» **ABOUT THIS EXERCISE**
Lines below that include the word "Ultra" should each be copied.

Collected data

▼▼▼

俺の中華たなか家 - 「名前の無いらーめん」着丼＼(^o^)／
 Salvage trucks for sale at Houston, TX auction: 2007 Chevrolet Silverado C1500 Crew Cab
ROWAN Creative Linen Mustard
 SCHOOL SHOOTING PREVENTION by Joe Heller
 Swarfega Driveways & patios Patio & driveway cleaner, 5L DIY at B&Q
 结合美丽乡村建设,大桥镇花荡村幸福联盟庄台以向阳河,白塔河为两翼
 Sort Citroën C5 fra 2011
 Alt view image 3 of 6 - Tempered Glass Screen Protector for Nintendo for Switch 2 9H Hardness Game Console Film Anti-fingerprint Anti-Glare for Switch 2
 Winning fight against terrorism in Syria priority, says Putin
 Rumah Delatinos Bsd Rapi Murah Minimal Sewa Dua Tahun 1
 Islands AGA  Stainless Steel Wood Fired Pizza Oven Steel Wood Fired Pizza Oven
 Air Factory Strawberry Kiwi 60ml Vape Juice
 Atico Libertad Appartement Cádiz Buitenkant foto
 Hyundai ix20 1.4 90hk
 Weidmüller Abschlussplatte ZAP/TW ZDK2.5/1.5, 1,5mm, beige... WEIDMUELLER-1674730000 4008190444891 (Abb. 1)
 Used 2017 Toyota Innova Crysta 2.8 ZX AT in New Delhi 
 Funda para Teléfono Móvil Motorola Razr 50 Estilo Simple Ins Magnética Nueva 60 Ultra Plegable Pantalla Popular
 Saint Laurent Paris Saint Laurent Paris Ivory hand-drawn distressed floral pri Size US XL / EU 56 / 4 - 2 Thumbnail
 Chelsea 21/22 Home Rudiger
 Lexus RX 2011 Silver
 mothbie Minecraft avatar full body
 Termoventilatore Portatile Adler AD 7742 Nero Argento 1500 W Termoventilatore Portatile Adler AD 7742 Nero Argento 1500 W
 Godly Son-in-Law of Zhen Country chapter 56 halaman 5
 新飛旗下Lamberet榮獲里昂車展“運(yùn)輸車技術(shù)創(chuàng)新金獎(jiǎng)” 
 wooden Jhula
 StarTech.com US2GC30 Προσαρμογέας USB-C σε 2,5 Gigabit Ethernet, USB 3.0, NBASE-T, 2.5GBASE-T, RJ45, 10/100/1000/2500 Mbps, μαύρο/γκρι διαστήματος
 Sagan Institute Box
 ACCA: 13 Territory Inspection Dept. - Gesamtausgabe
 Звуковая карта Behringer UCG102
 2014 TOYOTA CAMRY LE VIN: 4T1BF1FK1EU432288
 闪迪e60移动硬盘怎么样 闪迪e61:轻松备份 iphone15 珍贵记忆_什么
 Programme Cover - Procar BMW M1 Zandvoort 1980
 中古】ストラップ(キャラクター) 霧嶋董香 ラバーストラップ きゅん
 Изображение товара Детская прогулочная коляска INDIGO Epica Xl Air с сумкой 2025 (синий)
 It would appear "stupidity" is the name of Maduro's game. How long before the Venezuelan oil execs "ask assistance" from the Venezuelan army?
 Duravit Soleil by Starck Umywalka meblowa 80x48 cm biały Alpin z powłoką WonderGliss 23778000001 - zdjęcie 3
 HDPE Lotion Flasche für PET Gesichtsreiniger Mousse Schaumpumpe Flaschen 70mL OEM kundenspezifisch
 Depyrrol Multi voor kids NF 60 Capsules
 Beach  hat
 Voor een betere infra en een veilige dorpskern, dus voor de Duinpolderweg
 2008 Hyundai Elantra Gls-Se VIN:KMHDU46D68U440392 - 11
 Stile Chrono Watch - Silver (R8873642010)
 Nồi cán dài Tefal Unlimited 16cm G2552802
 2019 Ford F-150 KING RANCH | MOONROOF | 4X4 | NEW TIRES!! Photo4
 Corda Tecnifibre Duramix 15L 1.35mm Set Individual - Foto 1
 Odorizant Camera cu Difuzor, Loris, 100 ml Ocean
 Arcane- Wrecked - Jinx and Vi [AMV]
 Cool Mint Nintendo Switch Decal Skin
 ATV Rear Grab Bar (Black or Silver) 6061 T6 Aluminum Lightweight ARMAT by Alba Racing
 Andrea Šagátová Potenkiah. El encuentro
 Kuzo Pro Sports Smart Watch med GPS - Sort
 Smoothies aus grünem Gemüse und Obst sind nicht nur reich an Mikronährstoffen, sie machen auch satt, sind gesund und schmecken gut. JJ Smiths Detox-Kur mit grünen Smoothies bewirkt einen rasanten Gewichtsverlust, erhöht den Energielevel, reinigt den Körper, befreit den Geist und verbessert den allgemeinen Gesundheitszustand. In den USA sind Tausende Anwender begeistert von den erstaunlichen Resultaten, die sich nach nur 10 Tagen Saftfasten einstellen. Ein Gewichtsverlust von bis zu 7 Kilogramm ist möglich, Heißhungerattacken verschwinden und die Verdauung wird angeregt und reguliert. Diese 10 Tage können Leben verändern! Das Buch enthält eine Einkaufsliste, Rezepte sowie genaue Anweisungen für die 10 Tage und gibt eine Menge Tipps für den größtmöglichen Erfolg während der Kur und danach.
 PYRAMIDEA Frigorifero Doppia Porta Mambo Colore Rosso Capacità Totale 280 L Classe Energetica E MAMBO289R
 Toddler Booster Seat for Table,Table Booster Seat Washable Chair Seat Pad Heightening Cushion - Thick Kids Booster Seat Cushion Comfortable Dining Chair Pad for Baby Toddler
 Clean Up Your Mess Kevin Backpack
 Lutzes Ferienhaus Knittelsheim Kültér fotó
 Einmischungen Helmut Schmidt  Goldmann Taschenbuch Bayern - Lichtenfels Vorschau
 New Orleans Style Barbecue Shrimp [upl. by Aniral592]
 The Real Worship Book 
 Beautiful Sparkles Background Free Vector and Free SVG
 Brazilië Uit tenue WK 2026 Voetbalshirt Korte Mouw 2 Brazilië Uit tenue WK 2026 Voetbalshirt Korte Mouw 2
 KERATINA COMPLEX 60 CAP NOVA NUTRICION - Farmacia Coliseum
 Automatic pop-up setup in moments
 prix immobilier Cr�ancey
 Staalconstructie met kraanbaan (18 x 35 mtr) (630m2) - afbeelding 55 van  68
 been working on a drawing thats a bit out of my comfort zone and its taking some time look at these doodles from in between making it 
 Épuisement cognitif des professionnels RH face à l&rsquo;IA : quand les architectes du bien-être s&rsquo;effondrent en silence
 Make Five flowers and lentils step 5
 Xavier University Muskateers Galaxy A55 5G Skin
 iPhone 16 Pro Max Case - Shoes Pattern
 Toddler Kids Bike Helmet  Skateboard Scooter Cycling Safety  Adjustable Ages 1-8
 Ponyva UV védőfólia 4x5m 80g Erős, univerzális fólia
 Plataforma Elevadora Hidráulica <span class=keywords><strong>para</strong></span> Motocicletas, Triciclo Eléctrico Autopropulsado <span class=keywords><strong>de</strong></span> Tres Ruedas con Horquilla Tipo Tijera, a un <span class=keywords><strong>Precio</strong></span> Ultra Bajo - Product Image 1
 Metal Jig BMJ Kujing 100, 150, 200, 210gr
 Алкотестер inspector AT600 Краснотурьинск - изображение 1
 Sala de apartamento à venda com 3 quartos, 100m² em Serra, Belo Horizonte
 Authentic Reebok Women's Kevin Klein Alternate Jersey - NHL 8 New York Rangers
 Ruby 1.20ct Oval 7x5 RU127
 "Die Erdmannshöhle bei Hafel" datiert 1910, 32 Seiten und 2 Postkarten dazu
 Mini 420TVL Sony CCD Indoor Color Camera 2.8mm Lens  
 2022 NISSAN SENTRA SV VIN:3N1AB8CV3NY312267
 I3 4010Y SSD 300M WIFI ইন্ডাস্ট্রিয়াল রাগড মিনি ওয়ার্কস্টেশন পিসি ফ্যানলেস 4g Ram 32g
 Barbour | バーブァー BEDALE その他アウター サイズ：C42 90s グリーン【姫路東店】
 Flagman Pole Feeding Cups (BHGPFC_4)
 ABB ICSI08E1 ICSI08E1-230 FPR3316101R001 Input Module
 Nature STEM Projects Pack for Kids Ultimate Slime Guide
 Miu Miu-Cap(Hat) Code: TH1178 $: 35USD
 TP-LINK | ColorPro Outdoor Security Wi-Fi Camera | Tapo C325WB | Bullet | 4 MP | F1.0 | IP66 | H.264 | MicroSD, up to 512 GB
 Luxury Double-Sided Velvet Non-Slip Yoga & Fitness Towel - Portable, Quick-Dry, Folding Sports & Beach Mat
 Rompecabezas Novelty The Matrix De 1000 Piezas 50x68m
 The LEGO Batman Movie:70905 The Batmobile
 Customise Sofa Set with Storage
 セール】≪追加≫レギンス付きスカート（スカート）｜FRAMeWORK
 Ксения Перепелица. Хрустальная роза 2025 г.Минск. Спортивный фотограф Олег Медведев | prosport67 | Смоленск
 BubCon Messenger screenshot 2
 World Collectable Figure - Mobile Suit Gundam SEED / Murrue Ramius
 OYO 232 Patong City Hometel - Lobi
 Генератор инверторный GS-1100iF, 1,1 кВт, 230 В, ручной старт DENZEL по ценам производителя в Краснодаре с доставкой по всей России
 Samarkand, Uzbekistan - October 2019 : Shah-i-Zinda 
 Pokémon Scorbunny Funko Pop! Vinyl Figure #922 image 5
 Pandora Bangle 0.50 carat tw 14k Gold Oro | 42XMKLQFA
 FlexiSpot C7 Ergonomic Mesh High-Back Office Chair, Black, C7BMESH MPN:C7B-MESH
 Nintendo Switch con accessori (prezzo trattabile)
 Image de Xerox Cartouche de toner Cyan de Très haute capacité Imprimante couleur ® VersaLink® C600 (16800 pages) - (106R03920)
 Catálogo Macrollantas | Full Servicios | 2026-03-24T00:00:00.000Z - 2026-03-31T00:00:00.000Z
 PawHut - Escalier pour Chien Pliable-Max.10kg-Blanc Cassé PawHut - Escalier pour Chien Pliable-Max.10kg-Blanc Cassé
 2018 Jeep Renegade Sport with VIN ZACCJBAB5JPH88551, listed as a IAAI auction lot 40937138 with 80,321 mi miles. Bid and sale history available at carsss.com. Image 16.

▲▲▲

» **WORKED SOLUTION**
 Funda para Teléfono Móvil Motorola Razr 50 Estilo Simple Ins Magnética Nueva 60 Ultra Plegable Pantalla Popular
 Plataforma Elevadora Hidráulica <span class=keywords><strong>para</strong></span> Motocicletas, Triciclo Eléctrico Autopropulsado <span class=keywords><strong>de</strong></span> Tres Ruedas con Horquilla Tipo Tijera, a un <span class=keywords><strong>Precio</strong></span> Ultra Bajo - Product Image 1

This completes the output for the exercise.